■ **Task details**: The goal here is an exact copy of the entries below, without their pictures.

■ **Extracted data**:

######

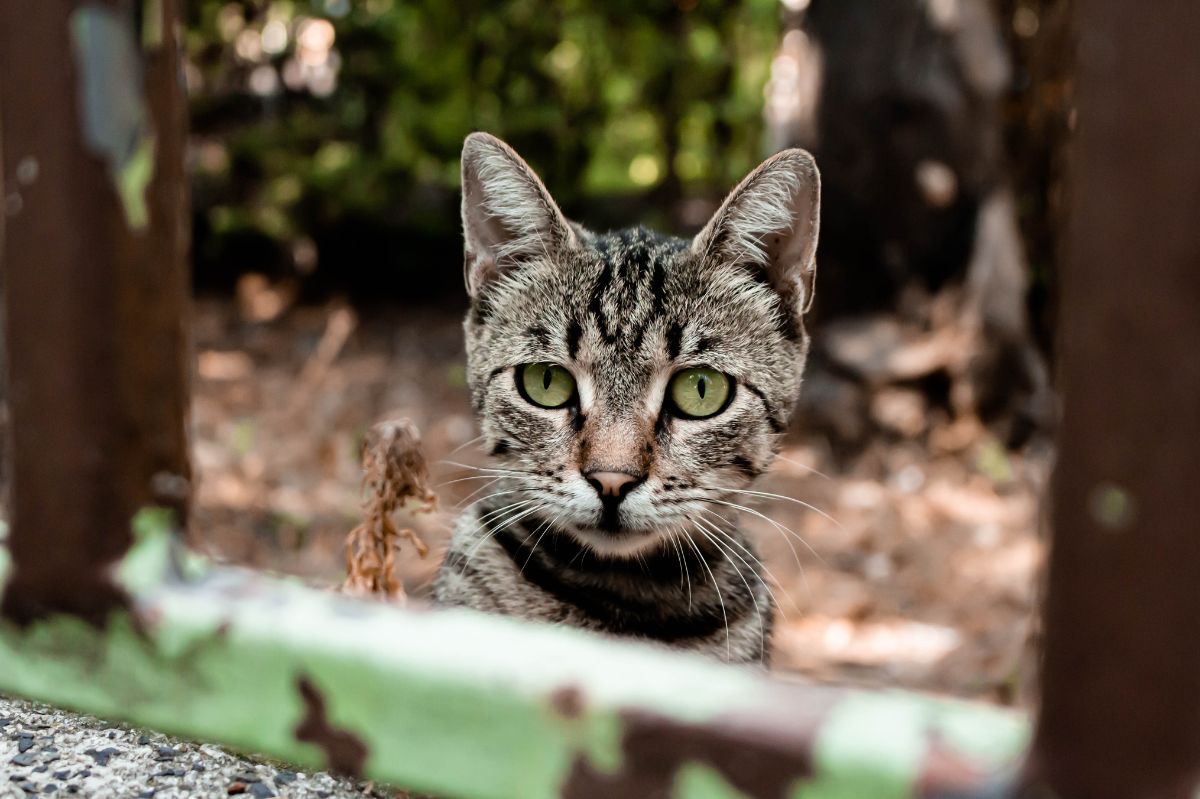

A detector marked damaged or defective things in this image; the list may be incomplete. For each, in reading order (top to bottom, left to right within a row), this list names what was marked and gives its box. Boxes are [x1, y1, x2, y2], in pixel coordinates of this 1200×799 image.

peeling green paint [70, 5, 156, 231]
peeling green paint [0, 520, 1032, 796]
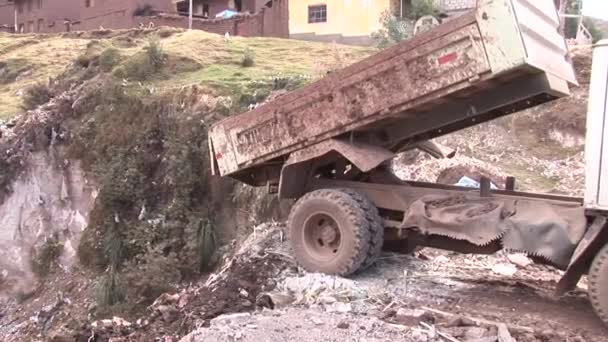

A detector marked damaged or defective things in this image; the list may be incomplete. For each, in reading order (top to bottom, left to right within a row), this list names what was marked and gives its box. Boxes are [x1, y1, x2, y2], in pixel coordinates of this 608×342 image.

rusty truck bed [209, 0, 576, 187]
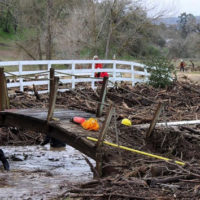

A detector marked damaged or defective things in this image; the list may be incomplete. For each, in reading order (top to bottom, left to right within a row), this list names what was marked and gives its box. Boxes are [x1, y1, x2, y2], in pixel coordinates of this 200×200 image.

broken bridge deck [0, 109, 101, 159]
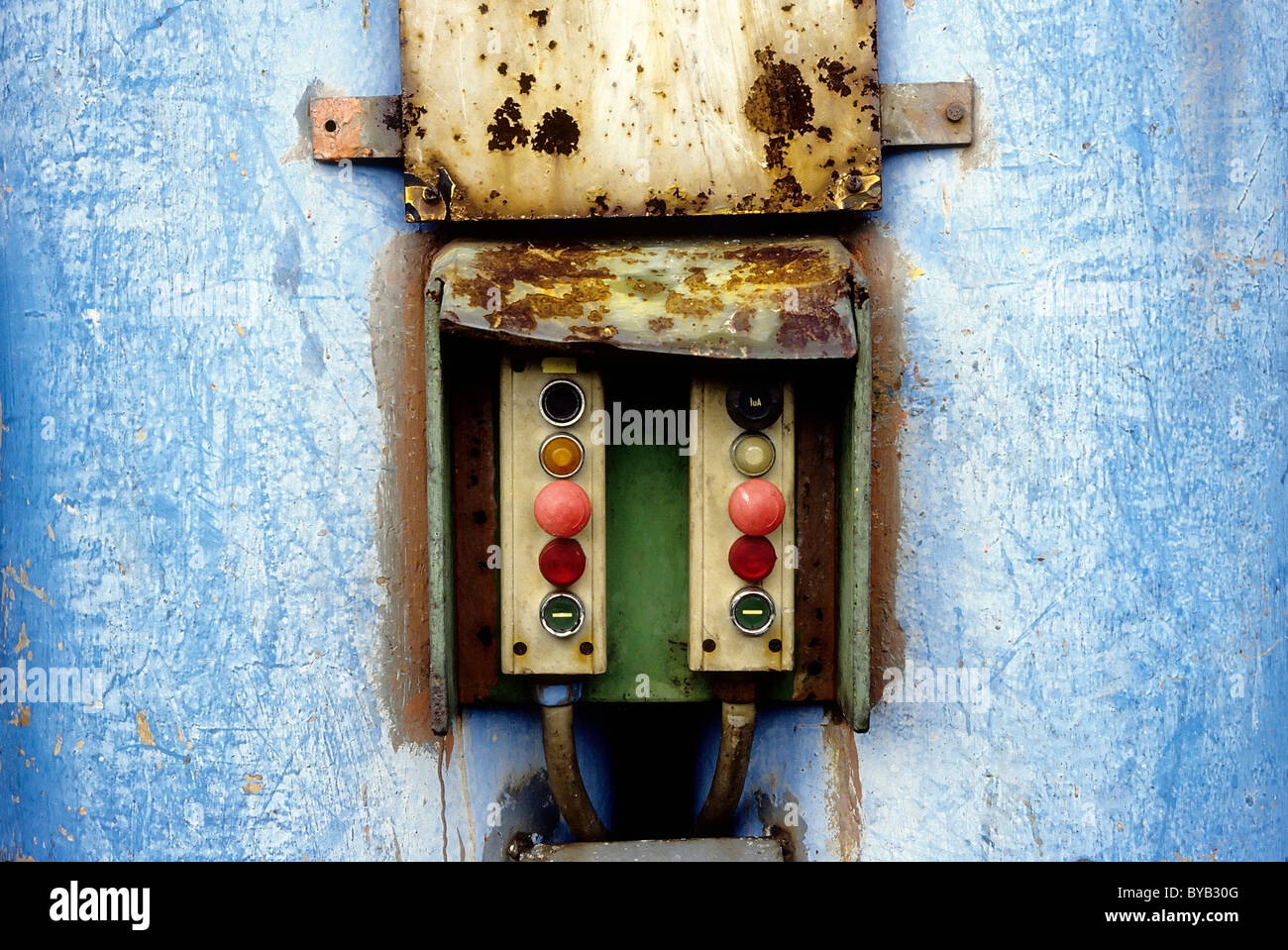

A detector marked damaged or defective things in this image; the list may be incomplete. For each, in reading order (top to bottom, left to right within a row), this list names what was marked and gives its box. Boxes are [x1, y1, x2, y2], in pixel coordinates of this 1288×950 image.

rusty control panel [311, 0, 975, 848]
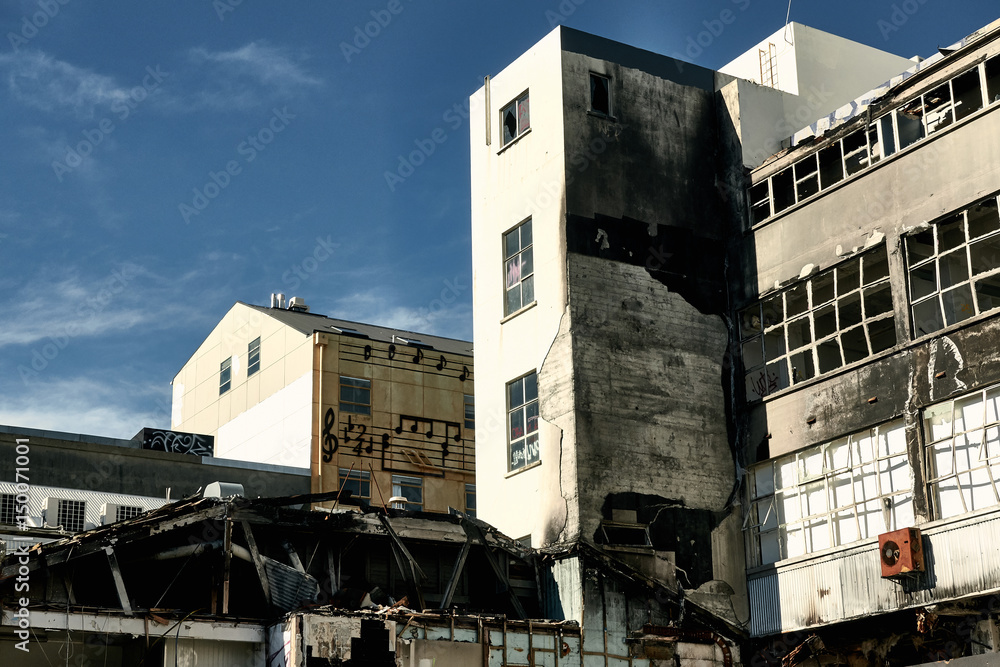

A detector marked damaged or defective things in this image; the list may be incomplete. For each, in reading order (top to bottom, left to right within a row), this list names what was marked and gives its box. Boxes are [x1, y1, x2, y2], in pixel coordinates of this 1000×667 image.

broken window frame [500, 90, 532, 145]
broken window frame [584, 72, 608, 117]
broken window frame [748, 57, 996, 224]
broken window frame [504, 217, 536, 316]
broken window frame [908, 193, 1000, 340]
damaged facade [472, 17, 1000, 667]
broken window frame [740, 245, 896, 402]
broken window frame [340, 470, 372, 500]
broken window frame [344, 376, 376, 418]
broken window frame [390, 474, 422, 512]
broken window frame [508, 370, 540, 474]
broken window frame [744, 420, 916, 568]
broken window frame [920, 380, 1000, 520]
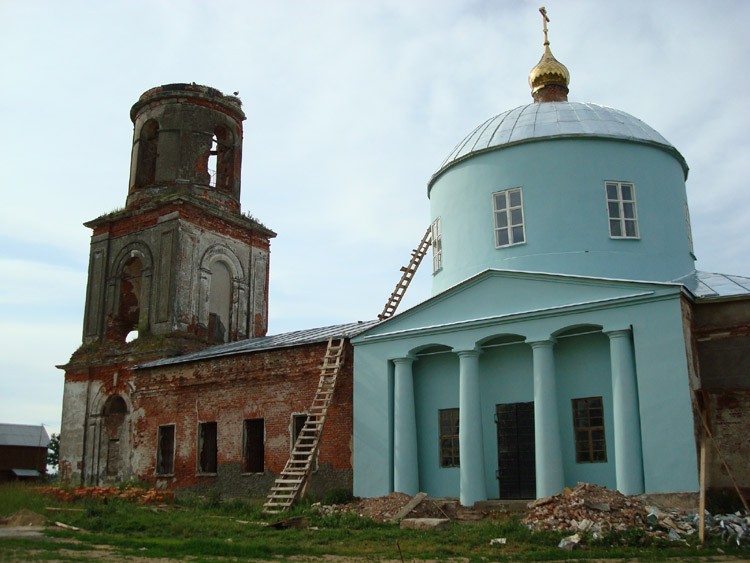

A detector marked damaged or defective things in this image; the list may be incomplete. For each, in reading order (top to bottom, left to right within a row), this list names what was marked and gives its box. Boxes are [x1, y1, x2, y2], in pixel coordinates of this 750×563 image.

broken window opening [137, 120, 160, 188]
broken window opening [157, 428, 176, 476]
broken window opening [197, 420, 217, 474]
broken window opening [244, 420, 268, 474]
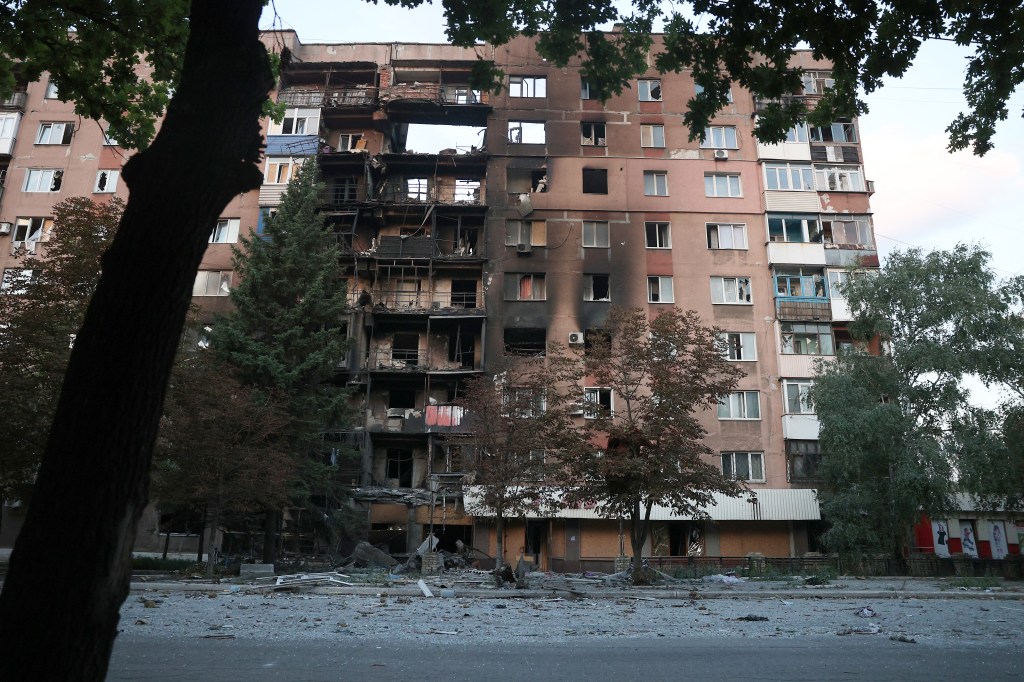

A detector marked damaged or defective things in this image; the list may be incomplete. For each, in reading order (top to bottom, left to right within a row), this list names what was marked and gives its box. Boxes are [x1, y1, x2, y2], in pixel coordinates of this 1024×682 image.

broken window [509, 75, 548, 96]
broken window [638, 79, 663, 100]
broken window [35, 121, 73, 144]
broken window [503, 121, 544, 144]
broken window [581, 122, 602, 146]
broken window [638, 123, 663, 147]
broken window [23, 168, 62, 192]
broken window [93, 168, 118, 192]
broken window [585, 166, 606, 193]
broken window [585, 220, 606, 246]
broken window [643, 220, 667, 246]
broken window [708, 222, 749, 248]
broken window [770, 215, 823, 244]
broken window [192, 268, 232, 294]
damaged apartment building [0, 30, 880, 561]
broken window [501, 274, 544, 301]
broken window [585, 274, 606, 301]
broken window [643, 274, 675, 301]
broken window [712, 274, 753, 303]
broken window [505, 327, 548, 356]
broken window [720, 329, 761, 360]
broken window [782, 321, 831, 356]
broken window [581, 385, 610, 417]
broken window [720, 391, 761, 417]
broken window [724, 448, 765, 481]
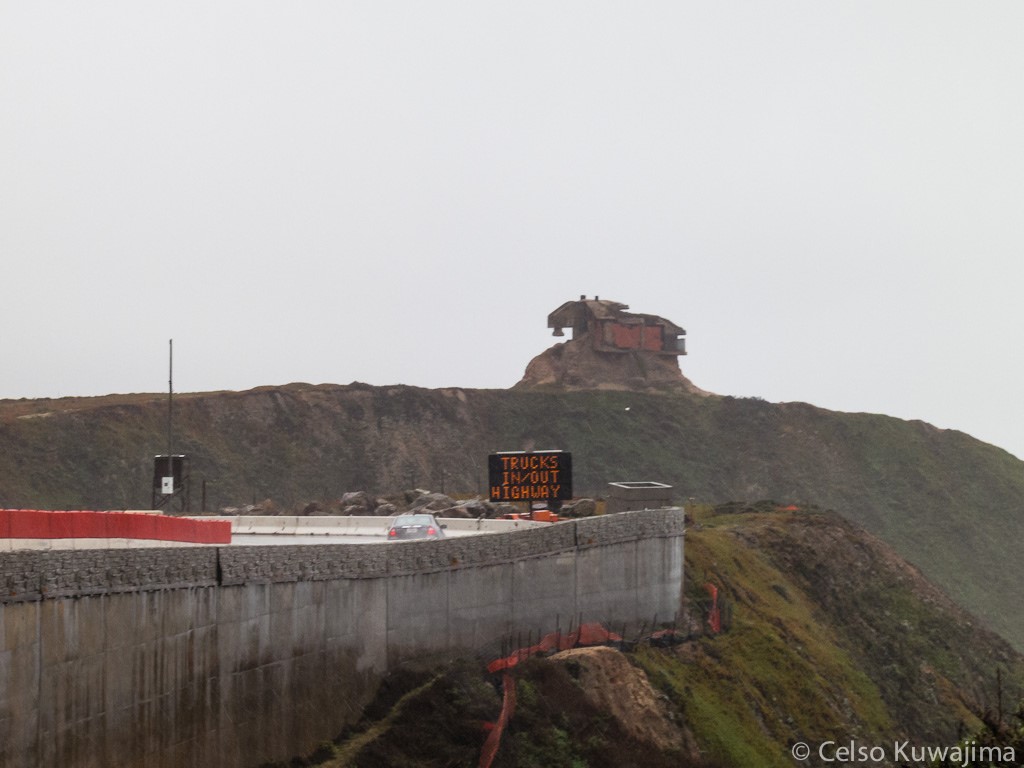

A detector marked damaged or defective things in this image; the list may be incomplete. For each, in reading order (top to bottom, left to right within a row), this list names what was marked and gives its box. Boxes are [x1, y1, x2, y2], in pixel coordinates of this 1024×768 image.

rusted concrete structure [548, 296, 684, 358]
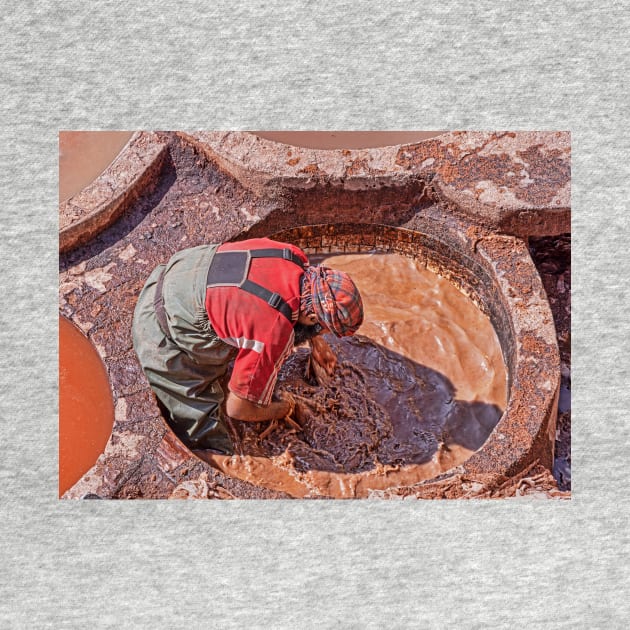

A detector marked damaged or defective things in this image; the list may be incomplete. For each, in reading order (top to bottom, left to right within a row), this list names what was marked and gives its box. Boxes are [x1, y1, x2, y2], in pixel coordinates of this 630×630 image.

######

■ **Task output**:
A detector marked damaged or defective things in this image; the list may be incomplete. For each, in reading order (top to bottom, left to right within a row), this list names what was marked and gives its box. Boxes are [x1, y1, x2, y2], in pixel coordinates of this 1200×799 image.

peeling green paint [70, 5, 156, 231]
peeling green paint [0, 520, 1032, 796]

A detector marked damaged or defective things in this image; the list may be incomplete. For each, in reading order (top to bottom, left to right within a row), this list names what was marked and gives its box. Boxes are [x1, y1, x2, y2], in pixel coordinates of this 608×342 image.

rusty truck bed [209, 0, 576, 187]

A detector marked damaged or defective things in this image; the list may be incomplete. For each, in reading order (top to bottom, left to right within a row), this list names what was marked and gives its box. Boxes are [x1, y1, x2, y2], in pixel coordinates of this 200×200 image.

broken bridge deck [0, 109, 101, 159]

A detector marked damaged or defective things in this image; the list may be incomplete. For each, in reading order (top to bottom, left to right within a row), this list names what was marked and gives its box. Boxes are [x1, y1, x2, y2], in pixel coordinates of this 1288×950 image.

rusty control panel [311, 0, 975, 848]

A detector marked damaged or defective things in this image; the list may be incomplete. For each, in reading order (top to bottom, left to right within a row), this list names what was marked and gives its box. Boxes are [x1, y1, x2, y2], in pixel coordinates of this 1000×667 image.

broken window frame [500, 90, 532, 145]
broken window frame [584, 72, 608, 117]
broken window frame [748, 57, 996, 224]
broken window frame [504, 217, 536, 316]
broken window frame [908, 193, 1000, 340]
damaged facade [472, 17, 1000, 667]
broken window frame [740, 245, 896, 402]
broken window frame [340, 470, 372, 500]
broken window frame [344, 376, 376, 418]
broken window frame [390, 474, 422, 512]
broken window frame [508, 370, 540, 474]
broken window frame [744, 420, 916, 568]
broken window frame [920, 380, 1000, 520]

A detector marked damaged or defective things in this image; the list may be incomplete. For each, in reading order (top to bottom, left to right within a row), this list names what was marked and gives its box. Boxes are [x1, y1, x2, y2], in pixel coordinates of this 750×563 image.

broken window opening [137, 120, 160, 188]
broken window opening [157, 428, 176, 476]
broken window opening [197, 420, 217, 474]
broken window opening [244, 420, 268, 474]

A detector marked damaged or defective things in this image; the list may be incomplete. For each, in reading order (top to bottom, left to right within a row), this list names what was marked and gives its box. Boxes are [x1, y1, x2, y2], in pixel coordinates of this 1024×682 image.

broken window [509, 75, 548, 96]
broken window [638, 79, 663, 100]
broken window [35, 121, 73, 144]
broken window [503, 121, 544, 144]
broken window [581, 122, 602, 146]
broken window [638, 123, 663, 147]
broken window [23, 168, 62, 192]
broken window [93, 168, 118, 192]
broken window [585, 166, 606, 193]
broken window [585, 220, 606, 246]
broken window [643, 220, 667, 246]
broken window [708, 222, 749, 248]
broken window [770, 215, 823, 244]
broken window [192, 268, 232, 294]
damaged apartment building [0, 30, 880, 561]
broken window [501, 274, 544, 301]
broken window [585, 274, 606, 301]
broken window [643, 274, 675, 301]
broken window [712, 274, 753, 303]
broken window [505, 327, 548, 356]
broken window [720, 329, 761, 360]
broken window [782, 321, 831, 356]
broken window [581, 385, 610, 417]
broken window [720, 391, 761, 417]
broken window [724, 448, 765, 481]

A detector marked damaged or defective things in this image; the list may be incomplete. For each, in reading order (top to bottom, left to right within a row), this list names what was marked and gives its box. Boxes are [x1, y1, x2, y2], in pixel coordinates of this 1024×768 image.

rusted concrete structure [548, 296, 684, 358]

A detector marked damaged or defective things in this image; the list may be incomplete. For each, in reading order (top to bottom, left to right within a row), this list names what was marked and gives its box. Boxes are [x1, y1, x2, y2], in pixel coordinates of this 630×630 image.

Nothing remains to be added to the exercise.